=== WORK TASK ===
Nothing but an exact copy is asked for: the lines in the material below from the one with "Kylie Jenner shares" through the one with "Azzurra two-Bedroom Apartment", pictures excluded.

=== MATERIAL FOR THE TASK ===
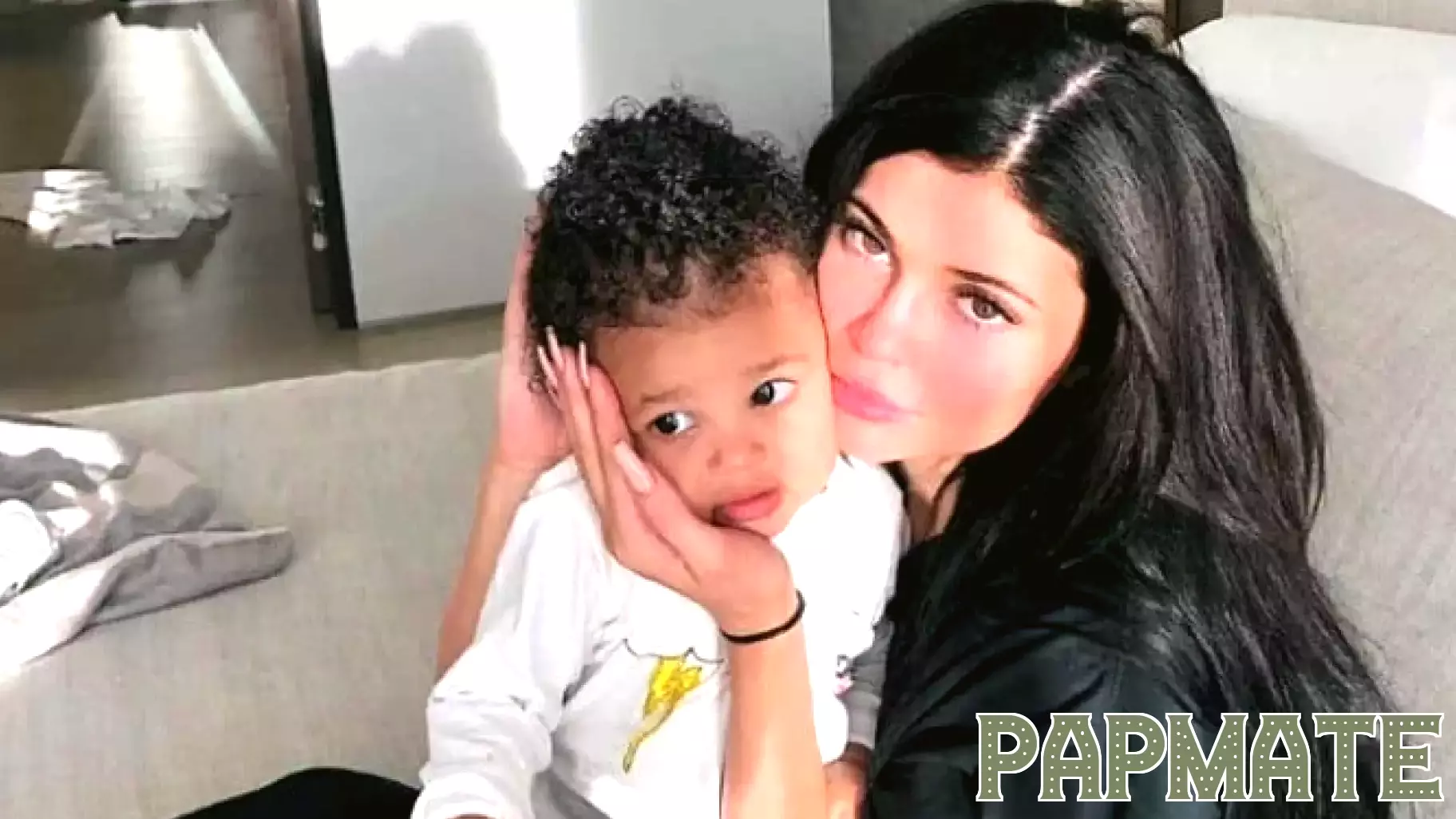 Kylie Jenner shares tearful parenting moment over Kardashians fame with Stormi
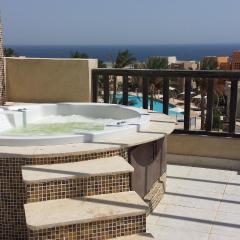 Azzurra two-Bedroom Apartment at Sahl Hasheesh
---
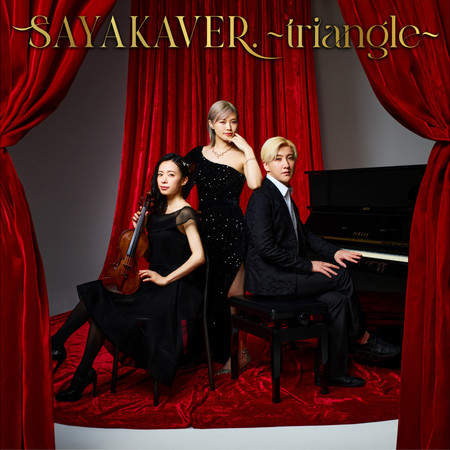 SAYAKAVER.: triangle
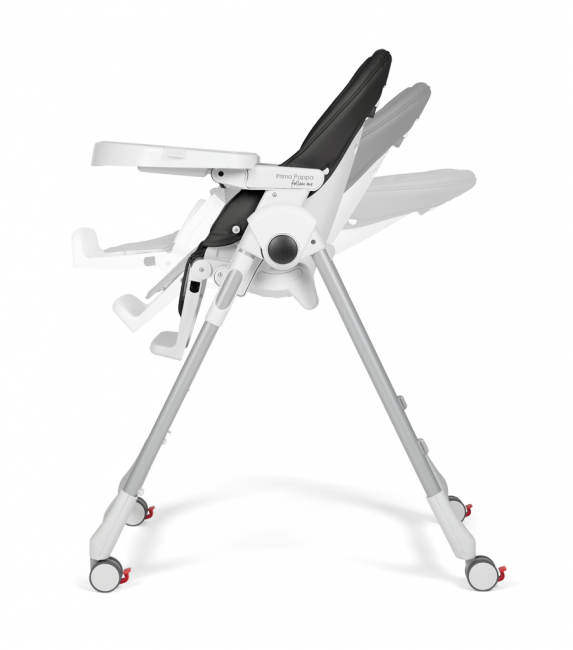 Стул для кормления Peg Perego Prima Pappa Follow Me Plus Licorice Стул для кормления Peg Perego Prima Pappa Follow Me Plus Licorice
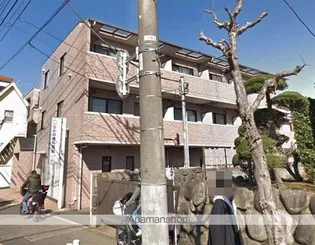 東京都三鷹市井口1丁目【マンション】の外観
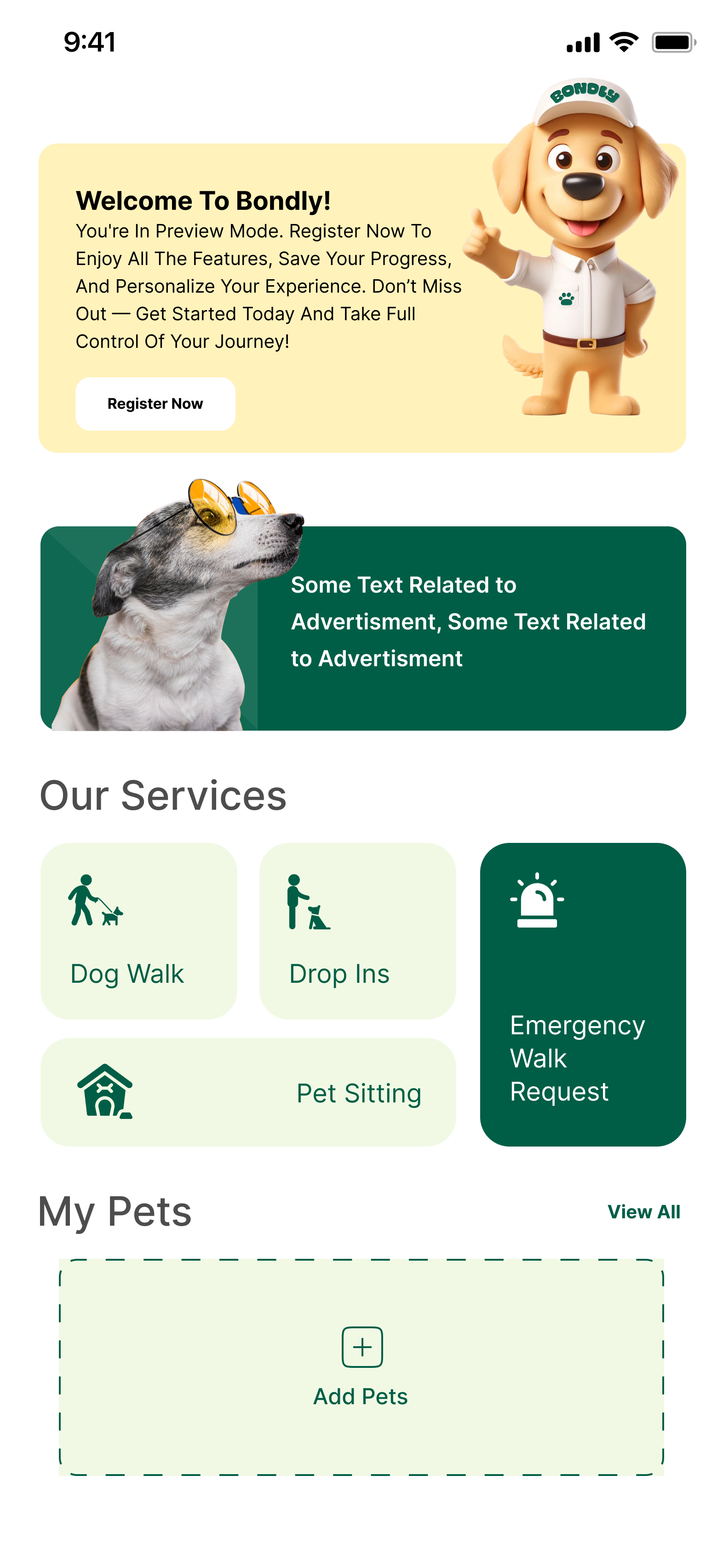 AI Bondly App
* * *
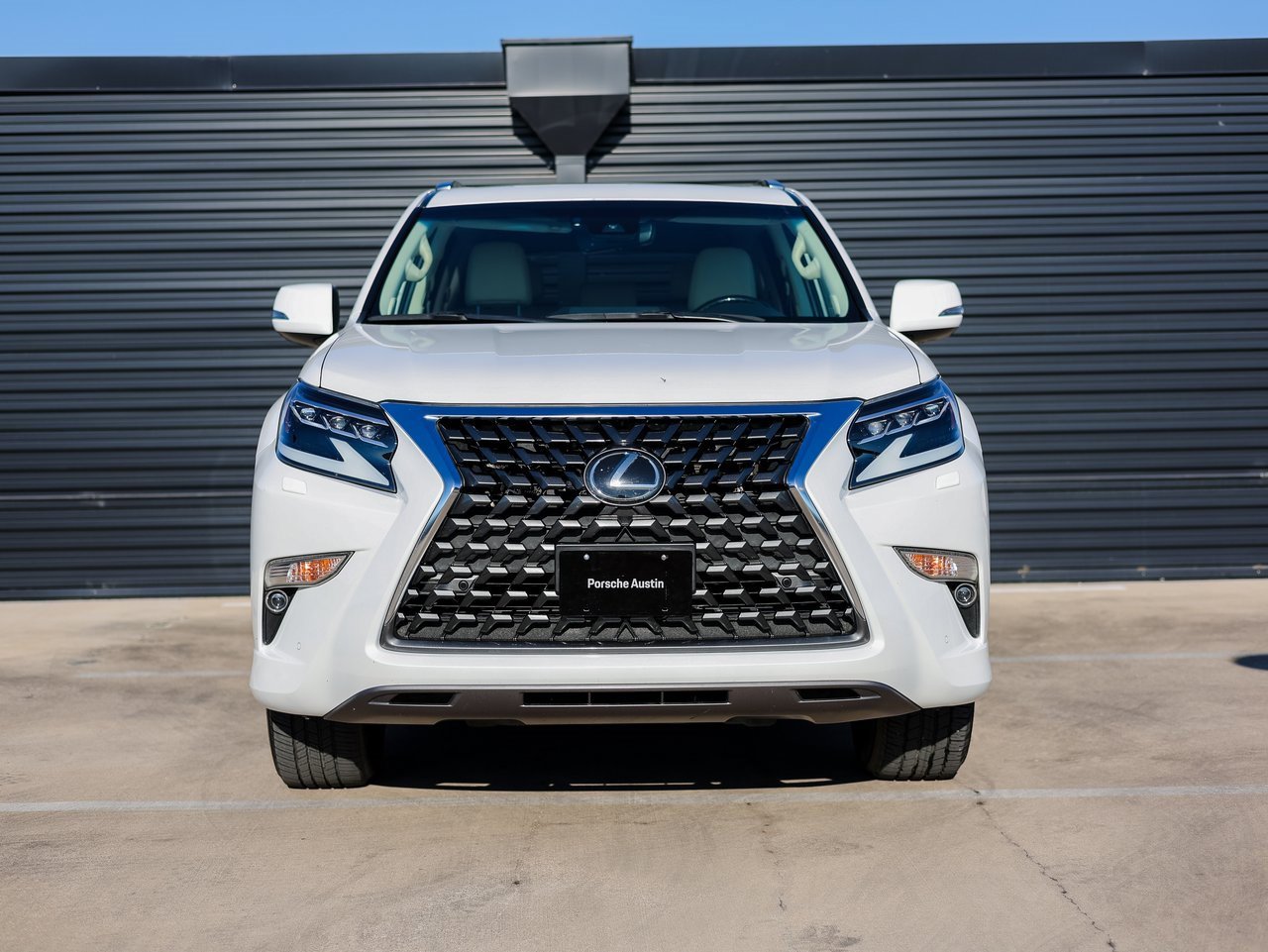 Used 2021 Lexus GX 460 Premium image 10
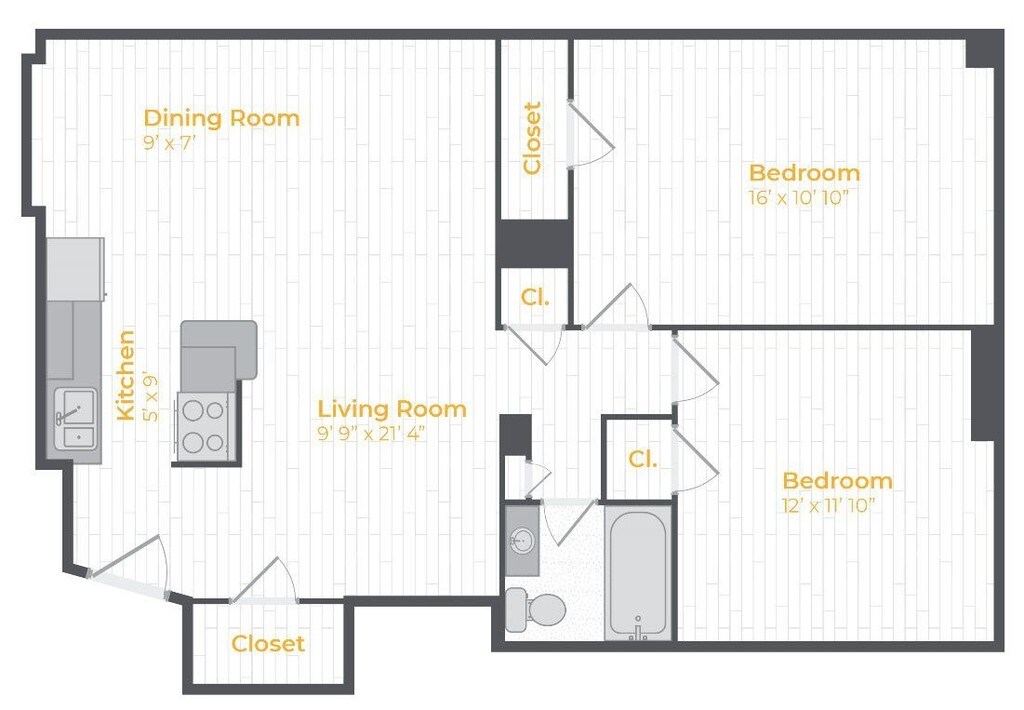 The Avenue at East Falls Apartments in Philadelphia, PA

=== EXPECTED ANSWER ===
 Kylie Jenner shares tearful parenting moment over Kardashians fame with Stormi
 Azzurra two-Bedroom Apartment at Sahl Hasheesh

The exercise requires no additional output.